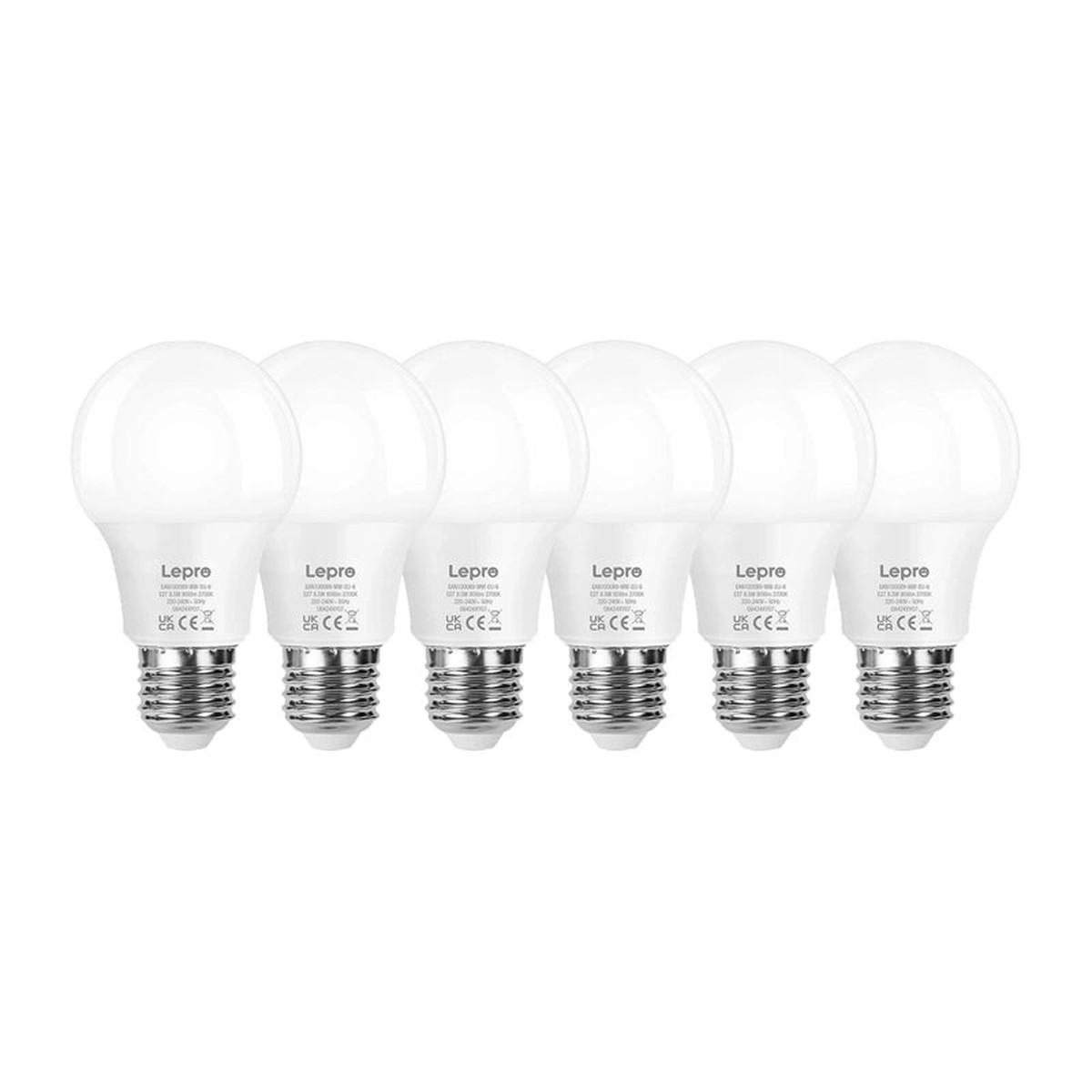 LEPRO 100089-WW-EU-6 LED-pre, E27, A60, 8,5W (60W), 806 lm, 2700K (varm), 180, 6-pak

---

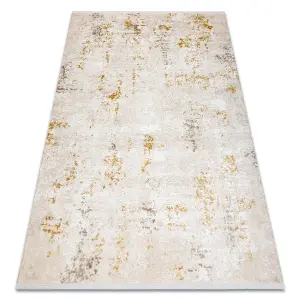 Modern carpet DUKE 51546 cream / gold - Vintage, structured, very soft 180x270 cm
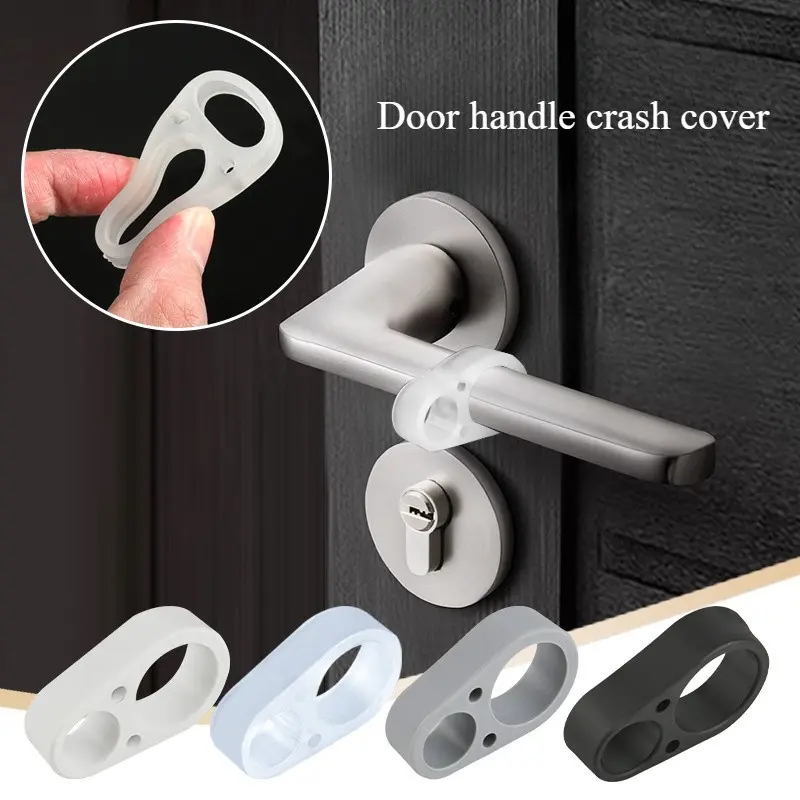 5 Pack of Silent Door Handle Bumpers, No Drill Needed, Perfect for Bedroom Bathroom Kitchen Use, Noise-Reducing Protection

==

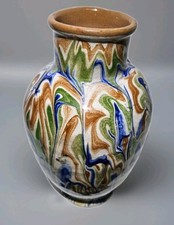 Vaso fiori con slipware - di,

## TASK BRIEF:
In the entries above, find the line containing "Modern carpet DUKE" and the line containing "5 Pack of Silent"; give again exactly those two lines and every line between them, minus the pictures.

## OUTPUT:
 Modern carpet DUKE 51546 cream / gold - Vintage, structured, very soft 180x270 cm
 5 Pack of Silent Door Handle Bumpers, No Drill Needed, Perfect for Bedroom Bathroom Kitchen Use, Noise-Reducing Protection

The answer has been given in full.